Stacey Abrams’ new book, “Our Time is Now,” pulses with a pressing call for action ahead of the November election. But despite the title's urgency, it also offers a long-term playbook to restructure the “architecture of American democracy.”

The Georgia Democrat explores the hard-earned lessons from the 2018 campaign against Republican Brian Kemp, and urges marginalized voters to tune into lower-profile contests in the “unmentioned corridors of power we too often cede.”

And it lays out prescriptions for expanding voting rights, an issue that Abrams put at the center of her 2018 run for office and the Fair Fight Action voting rights group she launched after her defeat.

She outlines the nation’s faults and fissures over ballot access using Georgia as a primary lens, with a blend of history, modern-day politicking and personal tales, such as a story about her late grandmother’s reluctance to exercise her right to vote.

“Voter suppression works its might by first tripping and causing to stumble the unwanted voter,” she wrote, “then by convincing those who see the obstacle course to forfeit the race without even starting to run.”

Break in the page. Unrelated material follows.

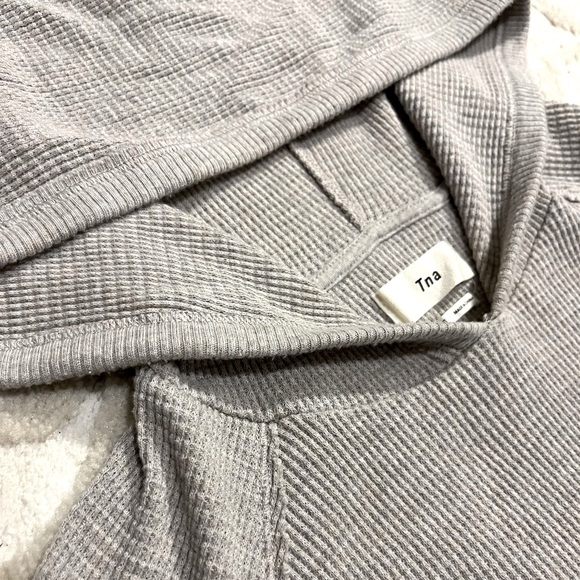 TNA sweater - Picture 2 of 2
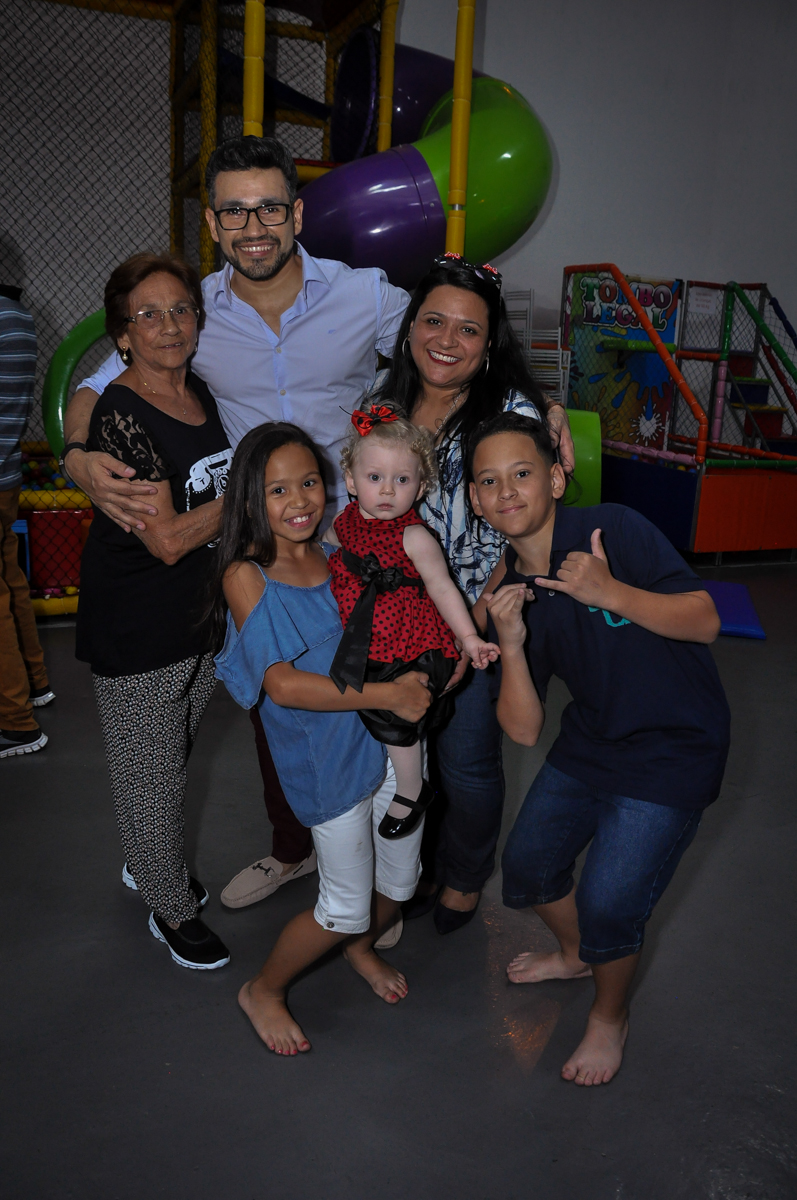 aniversariante sendo fotografada com os amigos na Festa de Maria Eduarda 1 aninho, tema minie vermelha, Buffet Mundo Kids, Osasco São Paulo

It’s bookended, in a way, around the 10-day drama that helped define Abrams to a national audience – the limbo between the 2018 election and a non-concession speech that lionized her to many Democrats and infuriated many Republicans.

The morning after the election, with Kemp in the lead but the results still uncertain, she and her top advisers met for breakfast to sort through their options at a meeting that “had an air of unreality.”

“Eighteen months of campaigning. Three years of planning. And still no answers.”

The next few days were a blizzard of emotions, Abrams wrote, as she tried to sort through options such as a possible legal challenge to contest the race. Though she tried to speed herself through the seven stages of grief, “they seemed to attack me all at once.”

Most of all, she wrote, there was anger, rage and its variations – a raw response that surprised Abrams, who prided herself in calmly navigating high-stress situations.

“My temperament is low-drama and even-keeled, and, to be honest, sustained anger always struck me as a weakness. A person loses focus or, worse, becomes defined by that emotion alone. But I was mad and I couldn’t shake it.”

By the sixth day, when she began to acknowledge there weren’t enough outstanding votes to force a runoff with Kemp, the anger had melted to another sentiment.

She called it the “plotting” phase, and soon she scribbled at the basis of a trio of groups she she founded on a yellow legal pad.

Now a potential vice presidential pick, Abrams' advice to voters is to think big but start small. Urge strangers to register to vote. Introduce yourself to local public officials. Volunteer for a campaign – but ask to be assigned to the least likely voters.

“Pick your lane,” she wrote, “and then invest in someone who thinks they are invisible.”